When you were first assigned to take over in Kaufman County, what was your game plan? How did you restore a sense of order in what must have seemed almost a Gotham-esque situation ?
I realized my real goal was [helping] the staff—the office was floundering. People were going through Mark's files and Mike's file; meanwhile, we still have [other] cases. We still have crime. People were working but not [effectively]. We had to get back to a functioning office. It sounds horrible: We have to mourn, but we have to let the bad people know we're coming for [them].

The second thing we had to do is go about the business of continuing to investigate the case and build upon the facts that led us to Williams. We couldn't prosecute this case—it'd been turned over to special prosecutors. But we could support them.

It's hard not to come away from a book like this and, given the generally chaotic and violent nature of the planet right now, fall into a sense of despair. But you don't seem to be haunted by this saga, exactly.

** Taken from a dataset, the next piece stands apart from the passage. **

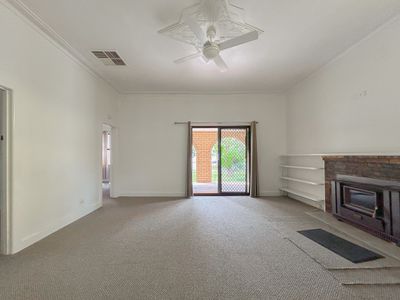 195 McCallum Street, Swan Hill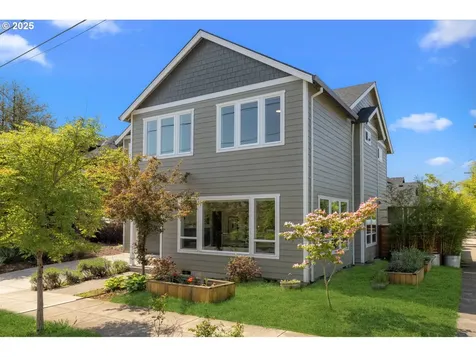 4575 NE 14th Place Portland OR 97211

I want people to not be fearful and to understand that when things happen, you can play your part. That's all I did. When we had all these law enforcement officers down here, people were bringing water and food to the officers and working 24/7. I only have a story because three really good people lost their lives. Two of them for doing their jobs and one for loving a man that did his. The takeaway is [just] about the people who are victims of senseless crime.